The current understanding of TCR complex mechanotransduction is reviewed, affording important insights into the rigidity of the TCRαβ, CD3εγ° and CD3εδ heterodimeric ectodomains, the unusual Cβ FG loop adaptation and TCR quaternary change that is mechanical force dependent. Mammalian development with co-evolution of the Cβ FG loop and CD3γ and CD3δ molecular speciation enhances the sensitivity of cognate TCRαβ recognition to the level of endowing one or several pMHC per APC surface with the capability of triggering T-cell activation. We present data suggesting how mechanotransduction is operative, both during immune surveillance and within the immunological synapse.

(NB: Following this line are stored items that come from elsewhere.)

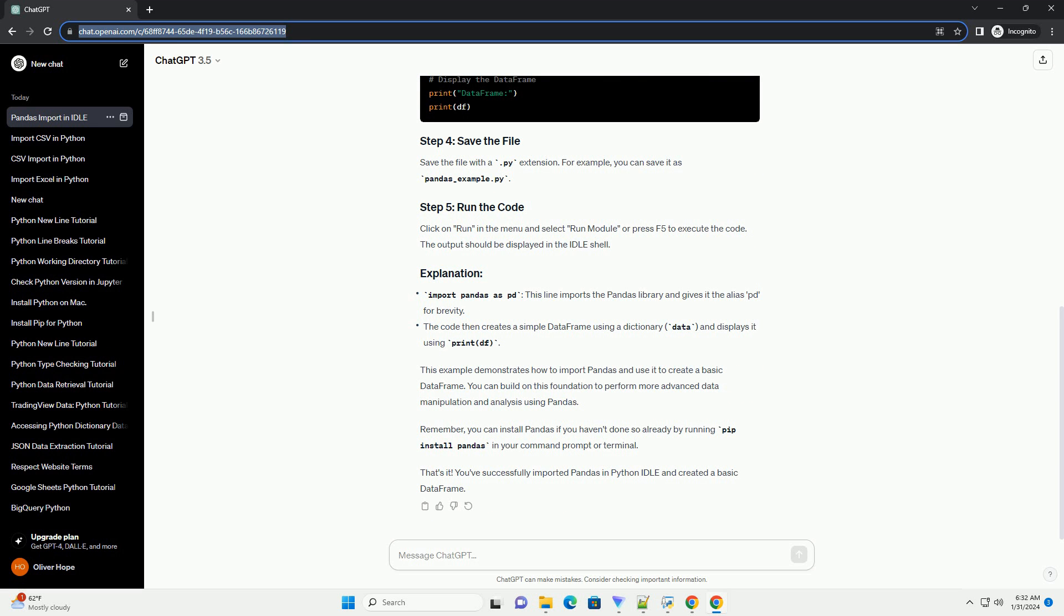Remember, you can install pandas if you haven't done so already by running pip install pandas in your command prompt or terminal. That's it. You've successfully imported pandas in Python Idle and created a basic data frame.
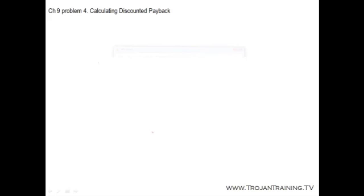So we're going to start with the first scenario. When we use Discounted Payback, we need to find the value of all cash flows today, so we're going to be using the present value. The value today of the project cash flows for the first four years is as follows.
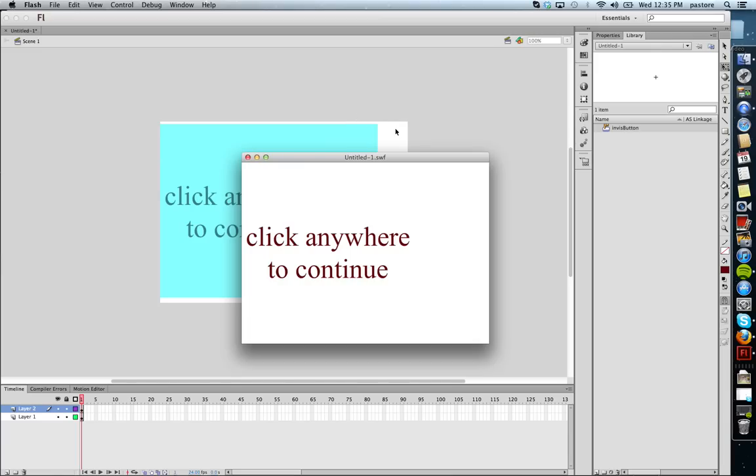All right, watch what happens to my cursor. See how my cursor has changed? It's recognizing it's a button. Now, notice how we didn't put it all the way over on the right. So see the cursor change? Flash recognizes my invisible button. And that's it. That's making an invisible button in Flash.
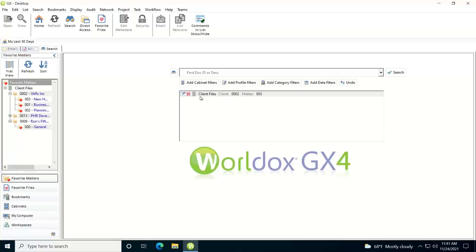Notice it adds it. So now whatever I type in my search line here, when I go to conduct the search, it's going to narrow the scope of that down to just the client files cabinet for this particular client and this particular matter.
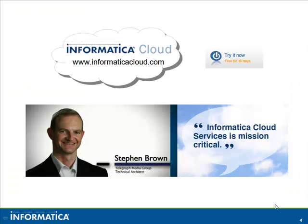Thank you for watching this video on Informatica Cloud. For more information, go to InformaticaCloud.com. Thank you.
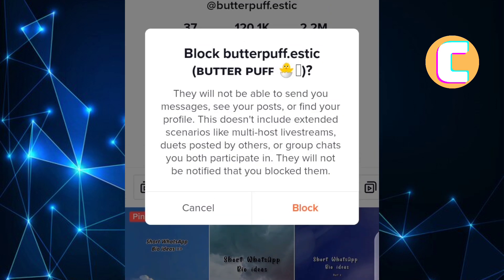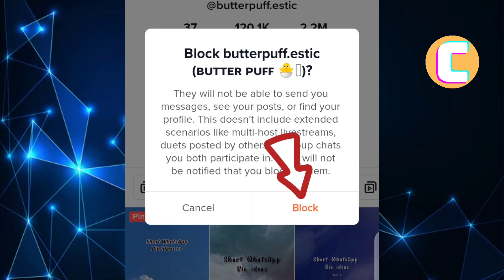As you can see, a section pops up. TikTok is telling us that once you block someone, they will not be able to send you messages, see your posts, or find your profile. This doesn't include extended scenarios like multi-host live streams, duets posted by others, or group chats you both participate in. Also, they will not be notified that you blocked them. So if you are sure about blocking the account, then go ahead and tap on block and the account will be blocked.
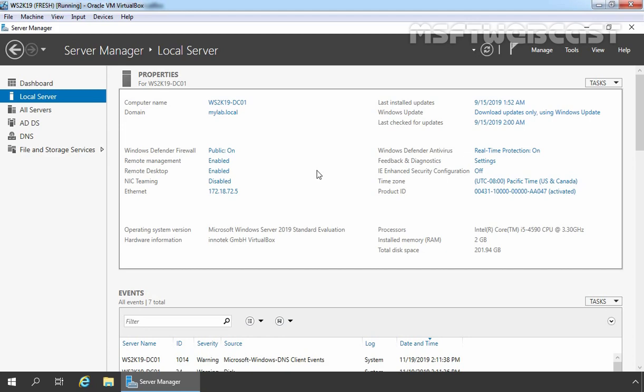Hello everyone, welcome to MSUptWebcast. In this video, we are going to install and configure the network load balancing feature in Windows Server 2019. NLB is one of the most popular high availability and redundancy features used in Windows-based networks.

At a practical level, there are implications of the present work for translational medicine. T-cell-based vaccines or immunotherapies eliciting effector T cells with specificity for epitopes on target cells need not focus on pMHC ligands exclusively present at high copy number, given the sensitivity of TCR mechanotransduction and its mode of action. Thus, the number of suitable immune targets for T-cell-based preventive and therapeutic approaches is greater than previously envisioned. Future single molecule analysis of TCR force transduction will provide additional insights into early T-cell signaling events and, in conjunction with structural elucidation of TCR subunit CP, TM and cytoplasmic tail segments, potentially afford new approaches towards development of immunosuppressive compounds based on disruption of TCR mechanotransduction.